Вот уже пристань, крутой под’ем в гору и этот страшный запах спаленного жилья. Небо черное, но остовы домов еще черней. Их изуродованные карнизы, наполовину обломанные стены врезаются в небо, и когда где-то далеко вспышка бомбы делает небо на минуту красным, развалины домов кажутся зубцами крепости.

Да это и есть крепость. В одном подземелье работает штаб. Здесь, под землей, обычная штабная сутолока. Стучат свои точки и тире бледные от бессоницы телеграфистки и запыленные, запорошенные, как снегом, обвалившейся штукатуркой, проходят торопливым шагом офицеры связи. Только в их донесениях фигурируют уже не нумерованные высоты, не холмы и рубежи обороны, а названия улиц, предместий, поселков, иногда даже домов.

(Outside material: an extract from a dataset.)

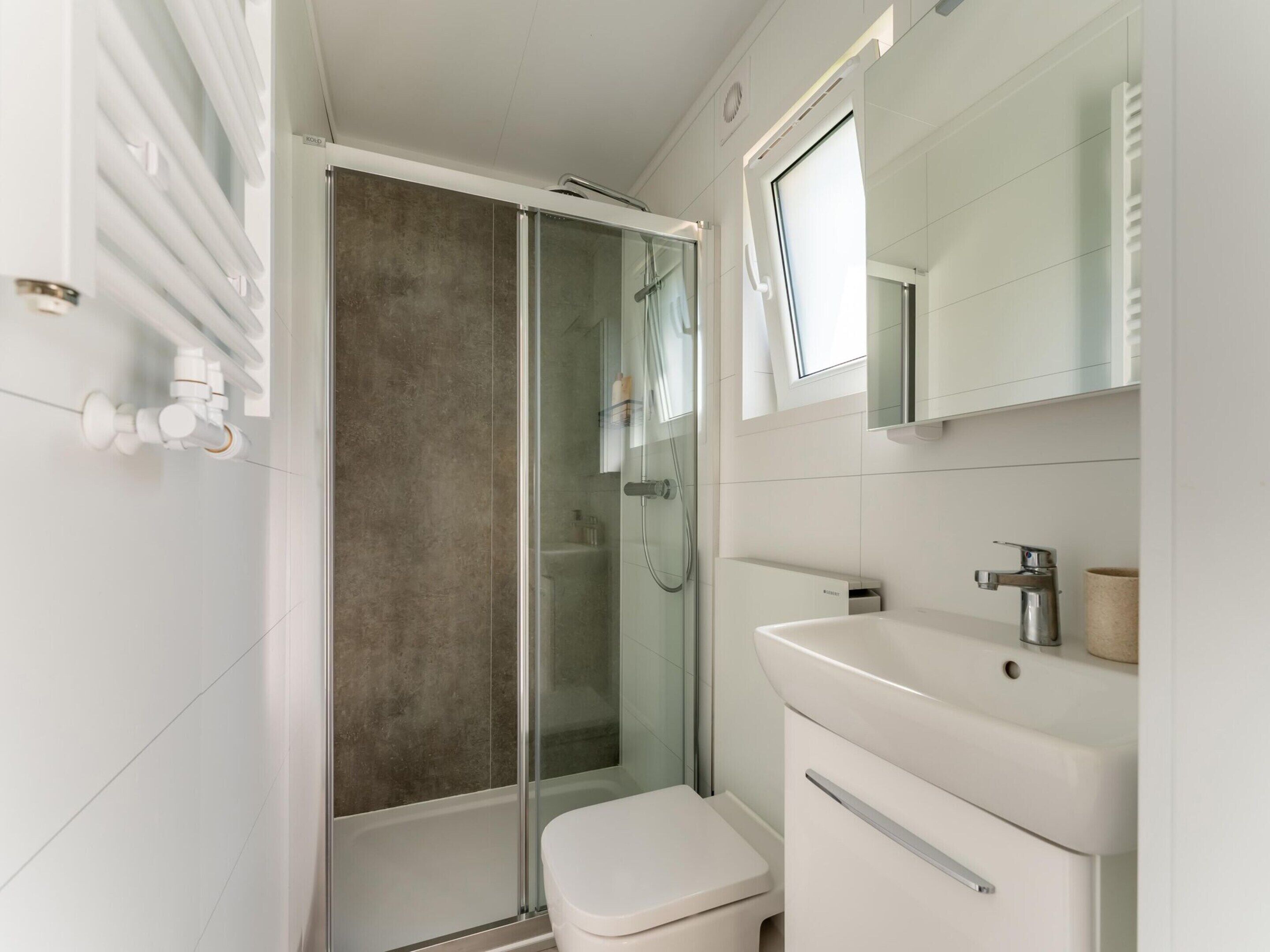 House | Bathroom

Штаб и узел связи спрятаны глубоко под землю. Это мозг обороны, и он не должен быть подвергнут случайностям. Люди устали, у всех тяжелые, бессонные глаза и свинцовые лица. Я пробую закурить, но спички одна за другой мгновенно потухают, — здесь, в подземелье, мало кислорода.

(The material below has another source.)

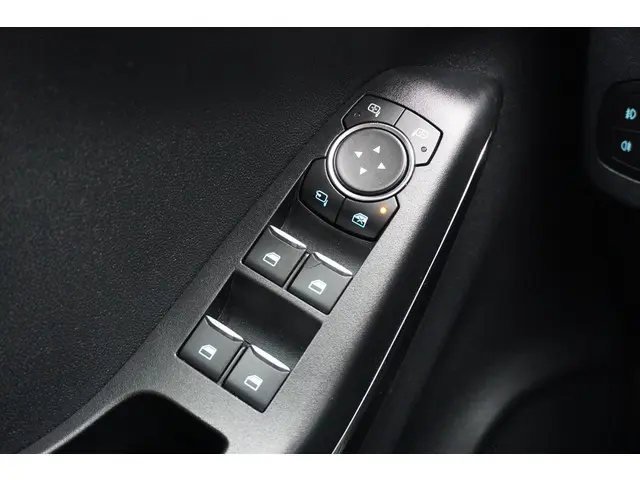 Ford Puma 1.0 EcoBoost Hybrid Titanium X 2020 Benzine 18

Ночь. Мы почти наощупь едем на разбитом газике из штаба к одному из командных пунктов. Среди вереницы разбитых и сожженных домов один целый. Из ворот, громыхая, выезжают скрипучие подводы, груженные хлебом: в этом уцелевшем доме пекарня. Город живет, живет — что бы ни было. Подводы едут по улицам, скрипя и вдруг останавливаясь, когда впереди, где-то на следующем углу, вспыхивает ослепительный разрыв мины.

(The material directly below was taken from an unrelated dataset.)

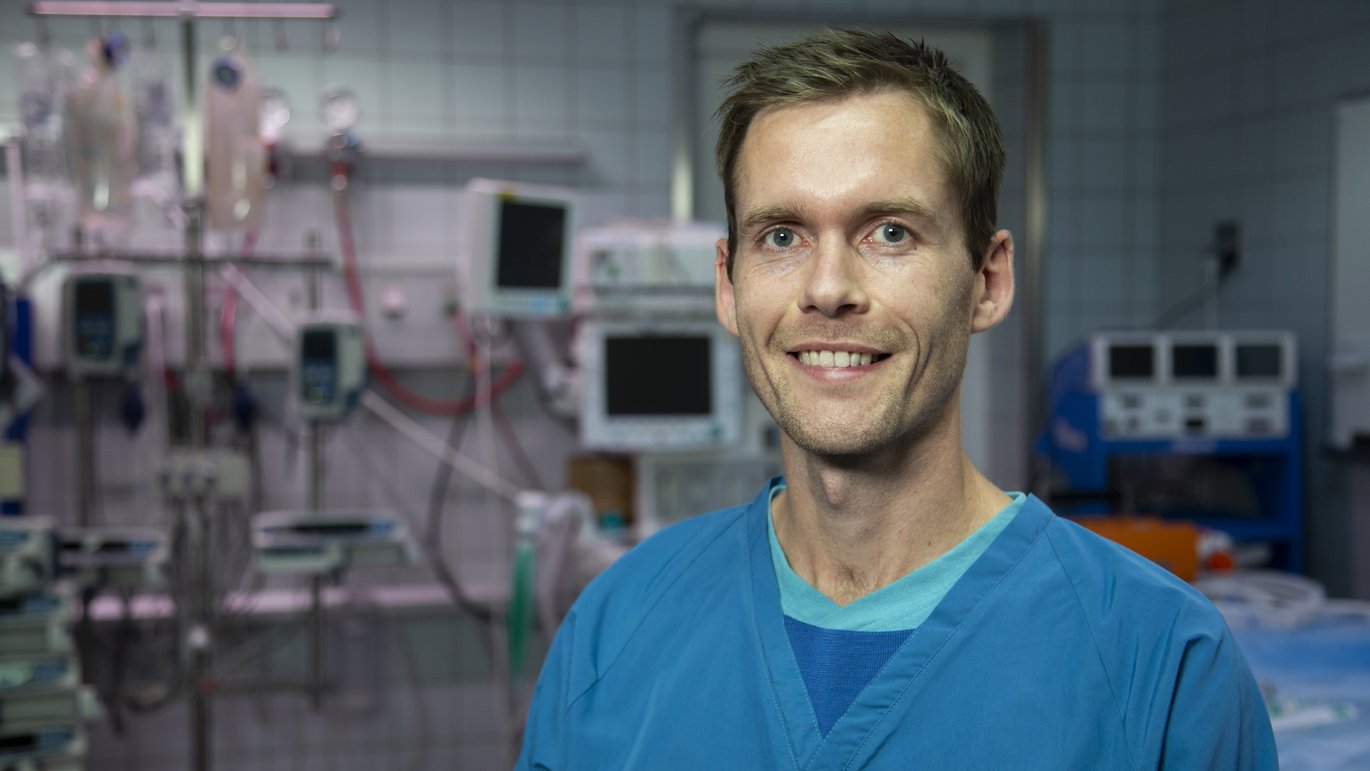 In addition to Mads Dam Lyhne (pictured), the research group in Aarhus consists of Asger Andersen, a clinical associate professor at the Department of Clinical Medicine and cardiologist at Aarhus University Hospital. In addition to Mads Dam Lyhne (pictured), the research group in Aarhus consists of Asger Andersen, a clinical associate professor at the Department of Clinical Medicine and cardiologist at Aarhus University Hospital.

Уже совсем светло. Сегодня солнечный день. Время близится к полудню. Мы сидим на наблюдательном пункте в мягких плюшевых креслах, потому что наблюдательный пункт расположен на пятом этаже одного дома, в хорошо обставленной инженерской квартире. На полу стоят снятые с подоконников горшки с цветами, на подоконнике укреплена стереотруба. Впрочем, стереотруба здесь для более дальнего наблюдения — так называемые передовые позиции отсюда видны простым глазом. Вот вдоль крайних домов поселка идут немецкие машины, вот проскочил мотоциклист, вот идут пешие немцы. Несколько разрывов наших мин. Одна машина останавливается посреди улицы, другая, замотавшись, прижимается к домам поселка. Сейчас же, с ответным завыванием, через головы, куда-то в соседний дом ударяют немецкие мины.

В городе нет теперь просто жителей — в нем остались только защитники. И что бы ни было, сколько бы заводы ни вывезли станков, цех всегда остается цехом, и старые рабочие, отдавшие заводу лучшую часть своей жизни, оберегают до конца, до последней человеческой возможности эти цехи, в которых выбиты стекла и еще пахнет дымом от только что потушенных пожаров.

— Мы здесь не все отмечали, — кивает на доску директор. Он начинает рассказывать о том, как несколько дней назад немецкие танки прорвали в одном месте оборону и устремились к заводу. Известие об этом поступило на завод. Надо было чем-то срочно, до ночи, помочь бойцам и заткнуть прорыв. Директор вызвал к себе начальника ремонтного цеха. Он приказал как можно скорее закончить ремонт тех нескольких танков, которые были уже почти готовы. Люди, сумевшие своими руками починить танки, сумели в эту рискованную минуту сесть в них и стать танкистами.

Тут же, на заводской площадке, из числа ополченцев — рабочих и приемщиков, было сформировано несколько танковых экипажей: они сели в танки и, прогрохотав по пустому двору, прямо через заводские ворота поехали в бой. Они были первыми, кто оказался на пути прорвавшихся немцев у каменного моста через узкую речку. Их и немцев разделял огромный овраг, через который танки могли пройти только по мосту. Но как раз на этом мосту немецкую танковую колонну встретили заводские танкисты.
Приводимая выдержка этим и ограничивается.